Print this page

Kedudukan Ahlul Bait dan Perampasan Hak Ali as

Rate this item
(0 votes)
Kedudukan Ahlul Bait dan Perampasan Hak Ali as

 

Tragedi Asyura tidak dilakukan oleh musuh-musuh al-Quran dan Ahlul Bait, tetapi para pelakunya adalah orang-orang Muslim yang haus kekuasaan. Oleh sebab itu, penting untuk diketahui kapan peristiwa itu dimulai dan siapa saja pelakunya.

Sebelumnya sudah dijelaskan bahwa para tokoh Saqifah melakukan gerakan-gerakan terencana untuk merebut kekuasaan dari Ahlul Bait pasca wafatnya Rasulullah Saw. Kita juga sudah mengetahui berbagai hadis dan kesaksian para khalifah tentang kedudukan tinggi Ahlul Bait Nabi, terutama Imam Ali as.

Lalu, mengapa para tokoh Saqifah tetap mengabaikan semua realitas meskipun ada banyak riwayat yang berbicara tentang keutamaan Ahlul Bait.

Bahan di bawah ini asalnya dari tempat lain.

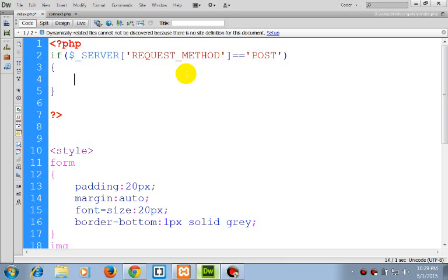The first thing we need to do is include connect.php.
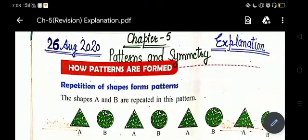Good morning students. How are you all? I hope you all are good. So students, now we have completed our syllabus and we will do revision. Today I am going to start chapter 5: Patterns and Symmetry.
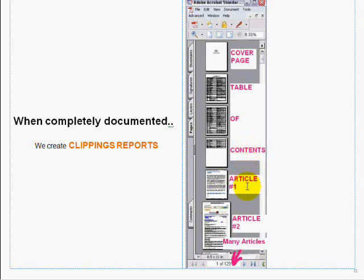And then the next couple pages are just articles. As you'll see, this report has about 123 pages, so it's a pretty long report. And that is the quick overview of clippings — the detailed description will be given in the next video.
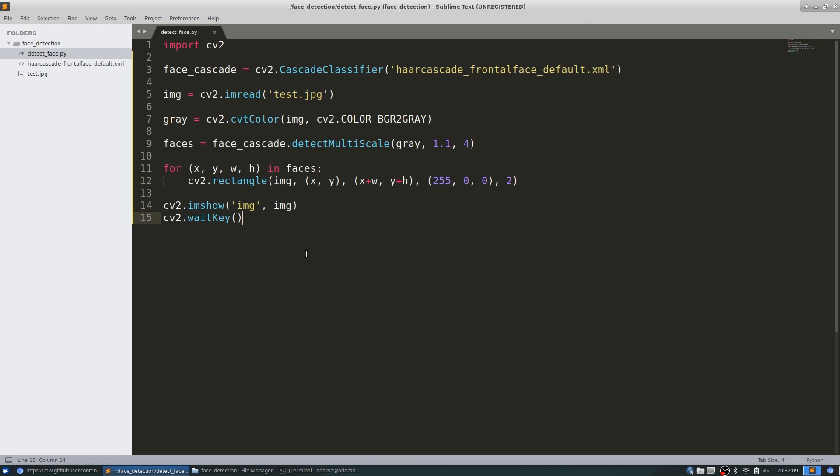Since this is an infinite loop, we need some way to break from this loop. So this simply tells it to break the loop if the escape key is pressed. And finally, let's release the video capture object. Let's try and run this.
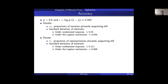We got the same privacy guarantees, but let's examine accuracy. Using randomized response with P equals 0.6 corresponds to epsilon of 0.405. Estimating the proportion of senators who privately supported the bill, randomized response gave a standard deviation of about 0.25. With a trusted data collector using the Laplace mechanism, the standard deviation drops to 0.035. In the House of Representatives, randomized response gives standard deviation 0.117, while the Laplace mechanism gives 0.008.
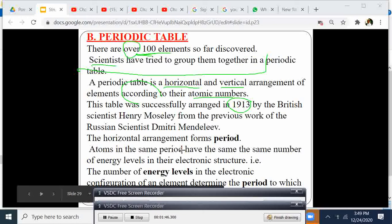The horizontal arrangement forms what we call a period. Atoms in the same period have the same number of energy levels in their electronic structure. Remember in the previous lesson we have seen how to write electronic structure, or electronic configuration, or electronic arrangement. The number of energy levels in the electronic configuration of an element determines the period to which an element belongs.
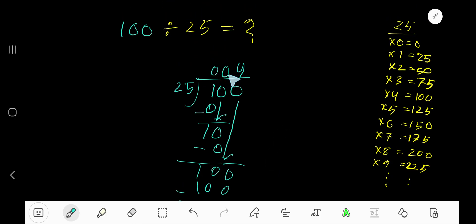So zero, zero, four means 4 is your answer or quotient.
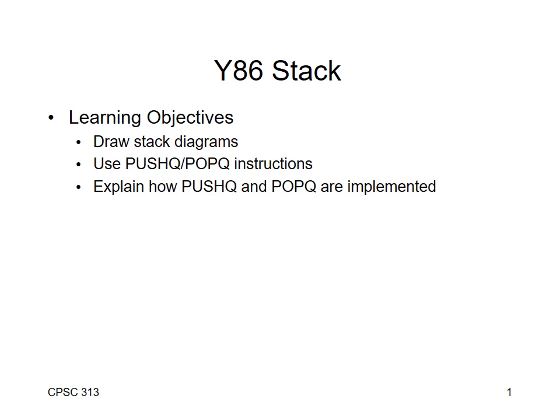In this presentation, I'm going to go over the basics of the stack and how we're going to draw stacks in this course, and then I'm going to introduce the Y86 instructions that manipulate the stack.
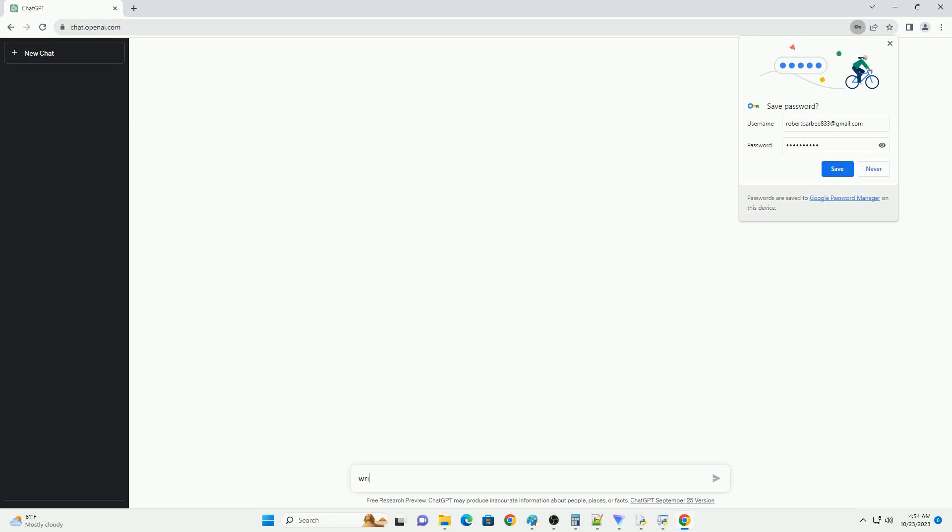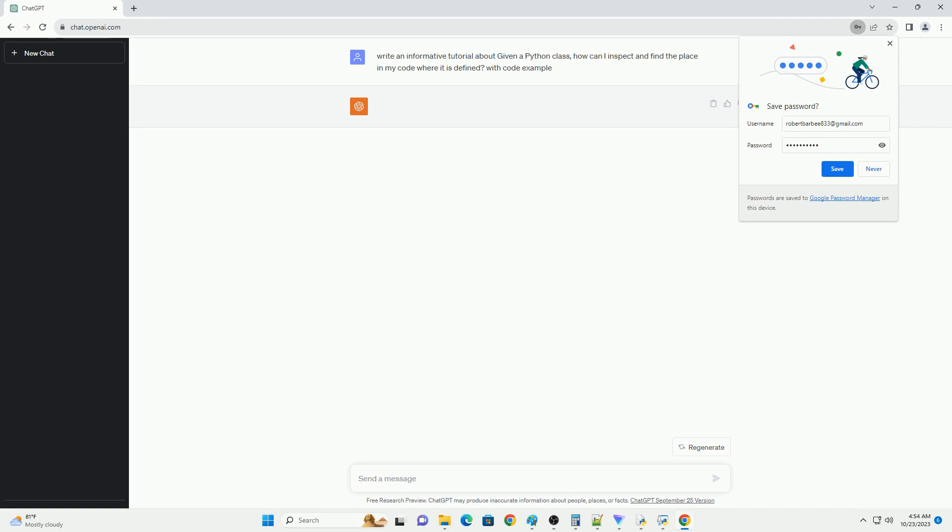Please subscribe and you can download this code from description below. Title: inspecting and finding the definition of a Python class.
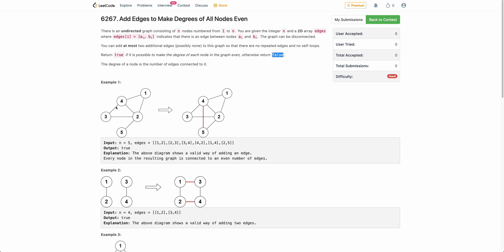Looking at the example graph: node 4 has odd degree — it has degree 3. And node 5 has degree 1. All other nodes have even degree. Node 3 has degree 2, node 2 has degree 4, and node 1 has degree 2. So only nodes 4 and 5 have odd degrees in this graph. The solution is to just add an edge between 4 and 5. Notice that there wasn't already an edge between 4 and 5, so we are able to add this edge. Once you add this edge, all nodes in the graph have even degree, and hence we return true for this case.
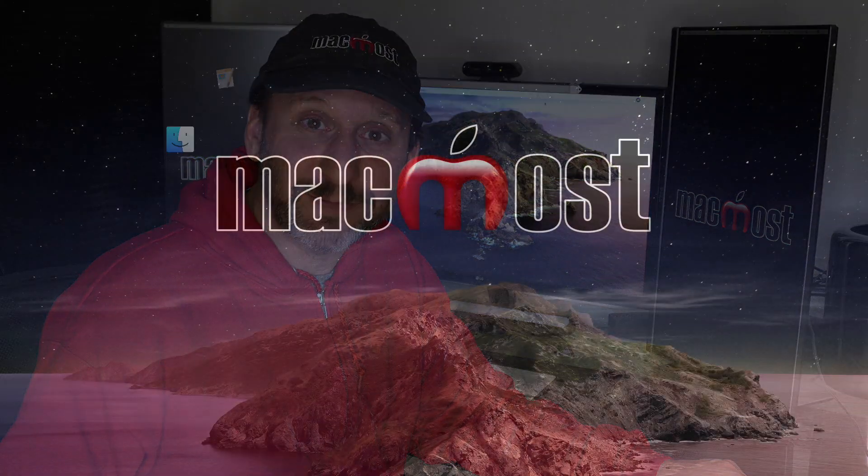Hi, this is Gary with MacMost.com. Today let me show you how you can customize the toolbars in the apps on your Mac.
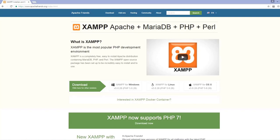LAMP and WAMP environments are pretty much the same — LAMP is for Linux and WAMP is for Windows, and both stand for Apache and MariaDB/MySQL. If you didn't want to use these packages, you could install Apache, MariaDB, and PHP all separately, but that would take much more time and technical knowledge. XAMPP, LAMP, or WAMP let you install everything in one simple package with just a few clicks.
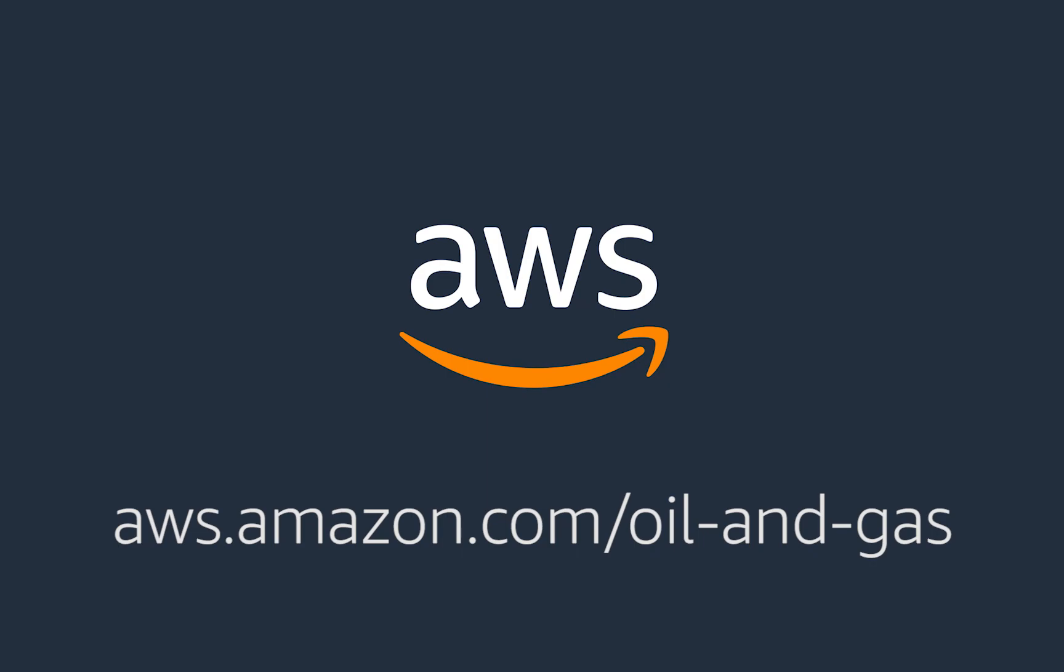To learn more about AWS and oil and gas, visit aws.amazon.com/oil-and-gas.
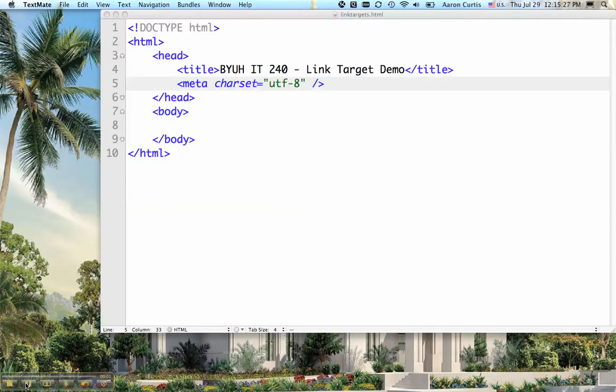Aloha! In this video I'm going to demonstrate how to add a link to your HTML document and use the target attribute so that the link opens up in a new tab or window.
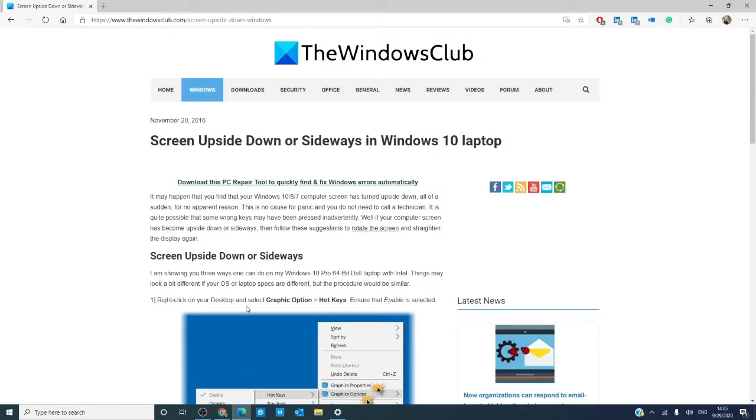For more fixes on Windows errors, go to our website, thewindowsclub.com. Hey, give our video a thumbs up and subscribe to our channel! We are always uploading new content aimed at making your digital universe a little bit easier. Thanks for watching and have a great day!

Mereka sendiri juga mengakui kelayakan, kepatutan, dan keunggulan Imam Ali as untuk posisi imamah dan pemimpin umat Islam. Para tokoh Saqifah dengan sebuah skenario licik menyingkirkan Imam Ali as dari hak sahnya selama 25 tahun.

Sekarang kita akan menukil ayat-ayat al-Quran yang berbicara tentang kedudukan Ahlul Bait sehingga menjadi jelas bahwa para pembangkang tidak hanya melawan perintah Nabi Saw, tetapi juga menolak tunduk pada perintah Allah. Mereka memilih sebuah jalan yang tidak diridhai oleh Allah dan Rasul-Nya.

Salah satu ayat al-Quran yang berbicara tentang kedudukan tinggi Ahlul Bait dan menekankan kesucian mereka dari segala dosa adalah ayat 33 surat al-Ahzab atau yang dikenal dengan Ayat Tathir. Allah Swt berfirman, “Sesungguhnya Allah bermaksud hendak menghilangkan dosa dari kamu, hai Ahlul Bait dan membersihkan kamu sebersih-bersihnya."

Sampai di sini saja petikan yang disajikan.